Once a line is found to contain "Jeans", copy it out of the listing.
*** MATERIAL PROVIDED Section Begins ***
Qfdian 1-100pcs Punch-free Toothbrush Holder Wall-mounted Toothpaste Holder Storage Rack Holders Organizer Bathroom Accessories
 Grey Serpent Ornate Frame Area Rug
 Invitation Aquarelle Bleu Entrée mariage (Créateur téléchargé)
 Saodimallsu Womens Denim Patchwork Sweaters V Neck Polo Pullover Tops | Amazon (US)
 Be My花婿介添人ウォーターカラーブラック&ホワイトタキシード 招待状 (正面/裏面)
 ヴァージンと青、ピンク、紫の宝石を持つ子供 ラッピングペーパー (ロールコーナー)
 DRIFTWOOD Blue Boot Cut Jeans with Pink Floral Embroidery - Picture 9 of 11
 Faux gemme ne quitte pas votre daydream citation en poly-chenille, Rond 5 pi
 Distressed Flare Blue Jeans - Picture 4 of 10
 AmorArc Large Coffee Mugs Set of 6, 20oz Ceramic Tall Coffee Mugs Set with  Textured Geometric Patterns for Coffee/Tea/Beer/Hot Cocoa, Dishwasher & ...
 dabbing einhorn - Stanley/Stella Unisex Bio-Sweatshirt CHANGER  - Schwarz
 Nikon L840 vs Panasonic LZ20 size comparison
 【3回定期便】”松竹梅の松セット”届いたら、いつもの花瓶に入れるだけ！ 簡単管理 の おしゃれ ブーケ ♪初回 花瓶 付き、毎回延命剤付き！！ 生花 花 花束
*** MATERIAL PROVIDED Section Ends ***
▶ **TASK SOLUTION**
 DRIFTWOOD Blue Boot Cut Jeans with Pink Floral Embroidery - Picture 9 of 11
 Distressed Flare Blue Jeans - Picture 4 of 10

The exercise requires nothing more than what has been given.